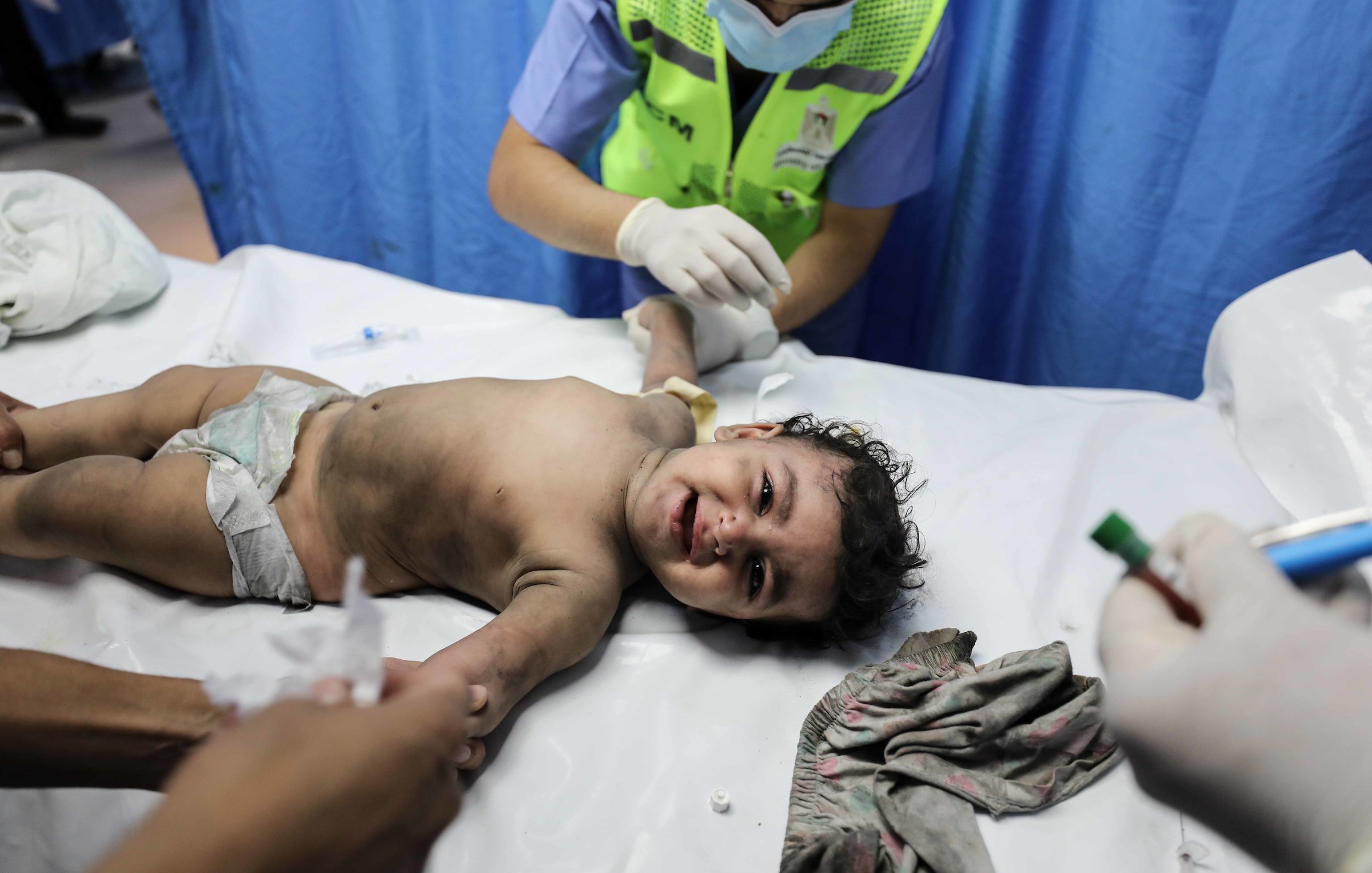 L'image montre un bébé allongé sur une table d'examen médical. L'enfant semble être en cours de traitement, entouré de personnel médical qui lui porte attention. Il est vêtu d'une couche et a un air triste, tout en étant manipulé avec précaution. Le décor est celui d'un hôpital, avec des rideaux bleus en arrière-plan. Des instruments médicaux peuvent être visibles autour de lui.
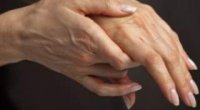 Шишка на руці під шкірою на зап’ясті: причини та лікування
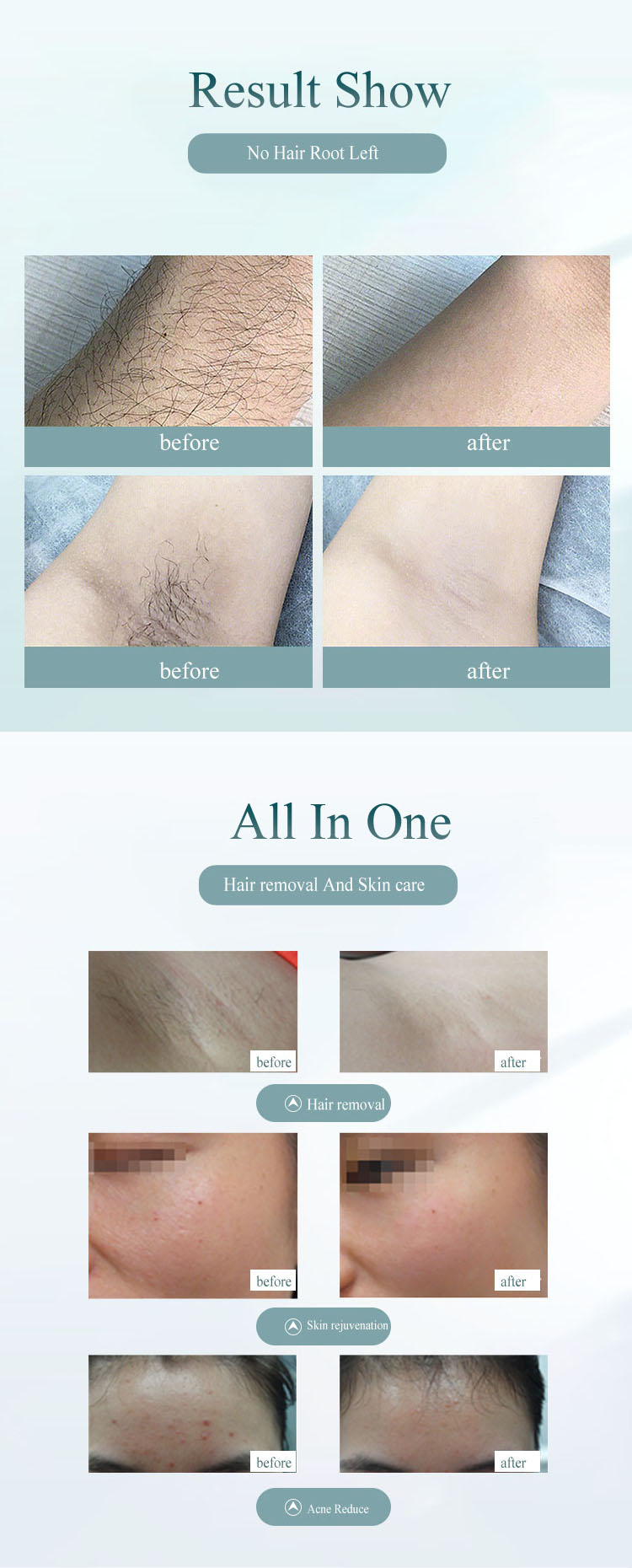 Body Usb Charge Laser Luz Intensa Pulsada Skin Hair Removal Removel Depiladora Electrica Flash And Ipl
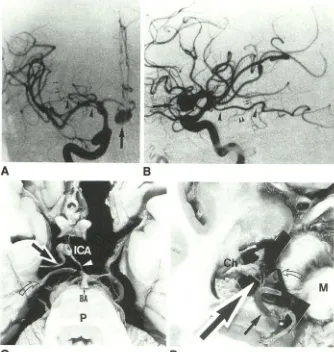 Fig. 14.-Anomalous artery (type 2c), con-firmed at autopsy. 
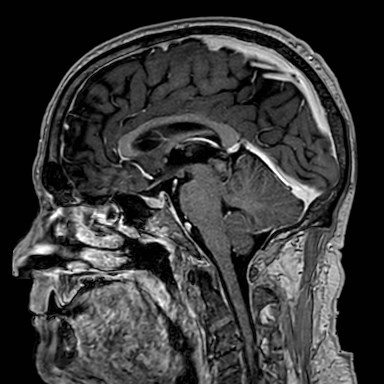 Brain metastases from lung cancer (Radiopaedia 83839-99028 Sagittal T1 C+ 33).jpg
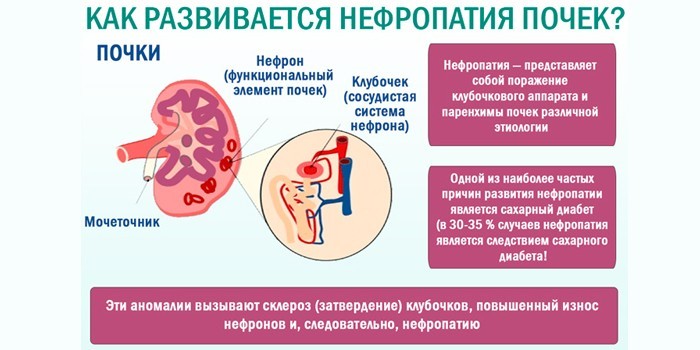 Как развивается нефропатия почек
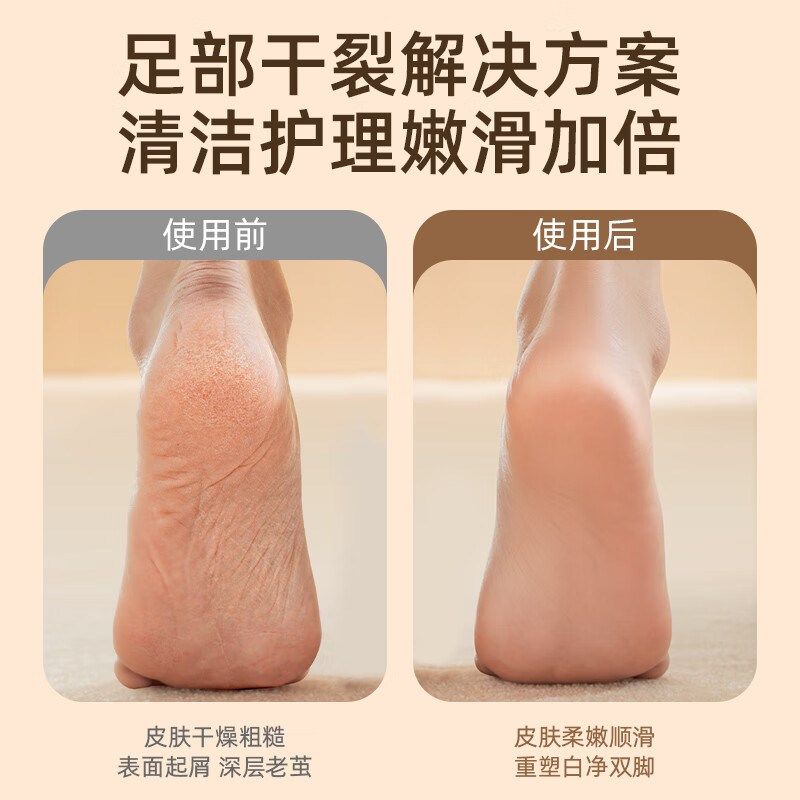 2025新款电动磨脚器美甲店36W大功率去死皮脚后跟老茧修脚神器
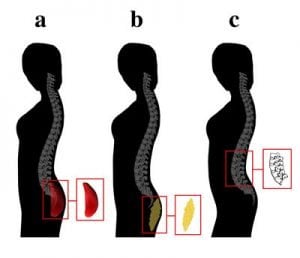 The image shows the gluteal development.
=-=-=
*Work instructions*.
Replicate the material above verbatim; images stay out of the copy.

*Answer to this task*.
 L'image montre un bébé allongé sur une table d'examen médical. L'enfant semble être en cours de traitement, entouré de personnel médical qui lui porte attention. Il est vêtu d'une couche et a un air triste, tout en étant manipulé avec précaution. Le décor est celui d'un hôpital, avec des rideaux bleus en arrière-plan. Des instruments médicaux peuvent être visibles autour de lui.
 Шишка на руці під шкірою на зап’ясті: причини та лікування
 Body Usb Charge Laser Luz Intensa Pulsada Skin Hair Removal Removel Depiladora Electrica Flash And Ipl
 Fig. 14.-Anomalous artery (type 2c), con-firmed at autopsy. 
 Brain metastases from lung cancer (Radiopaedia 83839-99028 Sagittal T1 C+ 33).jpg
 Как развивается нефропатия почек
 2025新款电动磨脚器美甲店36W大功率去死皮脚后跟老茧修脚神器
 The image shows the gluteal development.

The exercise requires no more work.